───── THE RECORDS ─────

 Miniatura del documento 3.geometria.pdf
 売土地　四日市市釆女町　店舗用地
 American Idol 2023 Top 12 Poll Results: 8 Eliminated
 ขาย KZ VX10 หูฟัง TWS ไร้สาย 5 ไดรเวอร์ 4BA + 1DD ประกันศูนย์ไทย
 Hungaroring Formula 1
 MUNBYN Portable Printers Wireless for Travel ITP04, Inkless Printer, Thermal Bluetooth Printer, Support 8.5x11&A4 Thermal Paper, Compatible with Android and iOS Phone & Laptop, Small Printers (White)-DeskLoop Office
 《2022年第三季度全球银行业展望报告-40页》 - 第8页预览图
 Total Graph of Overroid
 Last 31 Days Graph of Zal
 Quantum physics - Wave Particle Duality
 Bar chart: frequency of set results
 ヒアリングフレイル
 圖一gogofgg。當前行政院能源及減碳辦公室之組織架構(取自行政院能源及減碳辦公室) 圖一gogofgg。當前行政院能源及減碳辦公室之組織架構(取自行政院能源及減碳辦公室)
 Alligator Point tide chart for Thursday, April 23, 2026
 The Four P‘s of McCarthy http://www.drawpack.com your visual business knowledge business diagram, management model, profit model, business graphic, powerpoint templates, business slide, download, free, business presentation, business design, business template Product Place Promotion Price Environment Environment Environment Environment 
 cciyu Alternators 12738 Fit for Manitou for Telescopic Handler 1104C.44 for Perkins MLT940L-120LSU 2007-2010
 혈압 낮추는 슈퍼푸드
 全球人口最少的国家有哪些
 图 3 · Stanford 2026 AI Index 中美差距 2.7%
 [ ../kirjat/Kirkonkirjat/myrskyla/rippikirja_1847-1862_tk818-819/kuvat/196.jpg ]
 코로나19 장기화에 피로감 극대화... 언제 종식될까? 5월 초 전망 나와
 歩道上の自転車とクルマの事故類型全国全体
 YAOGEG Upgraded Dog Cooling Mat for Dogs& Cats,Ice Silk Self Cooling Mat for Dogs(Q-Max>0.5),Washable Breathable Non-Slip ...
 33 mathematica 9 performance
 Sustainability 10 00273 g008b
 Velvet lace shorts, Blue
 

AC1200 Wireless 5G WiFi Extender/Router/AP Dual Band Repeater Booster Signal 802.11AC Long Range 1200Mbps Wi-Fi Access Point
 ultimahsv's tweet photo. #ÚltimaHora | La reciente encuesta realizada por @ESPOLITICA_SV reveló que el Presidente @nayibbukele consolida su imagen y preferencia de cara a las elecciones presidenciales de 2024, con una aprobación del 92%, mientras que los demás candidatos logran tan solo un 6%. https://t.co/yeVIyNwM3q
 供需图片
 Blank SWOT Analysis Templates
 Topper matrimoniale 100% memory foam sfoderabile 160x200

─────

▸ **PROBLEM STATEMENT**
Print, exactly as they appear above, the lines running from the one with "Last 31 Days Graph of Zal" through the final line.

▸ **WORKED SOLUTION**
 Last 31 Days Graph of Zal
 Quantum physics - Wave Particle Duality
 Bar chart: frequency of set results
 ヒアリングフレイル
 圖一gogofgg。當前行政院能源及減碳辦公室之組織架構(取自行政院能源及減碳辦公室) 圖一gogofgg。當前行政院能源及減碳辦公室之組織架構(取自行政院能源及減碳辦公室)
 Alligator Point tide chart for Thursday, April 23, 2026
 The Four P‘s of McCarthy http://www.drawpack.com your visual business knowledge business diagram, management model, profit model, business graphic, powerpoint templates, business slide, download, free, business presentation, business design, business template Product Place Promotion Price Environment Environment Environment Environment 
 cciyu Alternators 12738 Fit for Manitou for Telescopic Handler 1104C.44 for Perkins MLT940L-120LSU 2007-2010
 혈압 낮추는 슈퍼푸드
 全球人口最少的国家有哪些
 图 3 · Stanford 2026 AI Index 中美差距 2.7%
 [ ../kirjat/Kirkonkirjat/myrskyla/rippikirja_1847-1862_tk818-819/kuvat/196.jpg ]
 코로나19 장기화에 피로감 극대화... 언제 종식될까? 5월 초 전망 나와
 歩道上の自転車とクルマの事故類型全国全体
 YAOGEG Upgraded Dog Cooling Mat for Dogs& Cats,Ice Silk Self Cooling Mat for Dogs(Q-Max>0.5),Washable Breathable Non-Slip ...
 33 mathematica 9 performance
 Sustainability 10 00273 g008b
 Velvet lace shorts, Blue
 

AC1200 Wireless 5G WiFi Extender/Router/AP Dual Band Repeater Booster Signal 802.11AC Long Range 1200Mbps Wi-Fi Access Point
 ultimahsv's tweet photo. #ÚltimaHora | La reciente encuesta realizada por @ESPOLITICA_SV reveló que el Presidente @nayibbukele consolida su imagen y preferencia de cara a las elecciones presidenciales de 2024, con una aprobación del 92%, mientras que los demás candidatos logran tan solo un 6%. https://t.co/yeVIyNwM3q
 供需图片
 Blank SWOT Analysis Templates
 Topper matrimoniale 100% memory foam sfoderabile 160x200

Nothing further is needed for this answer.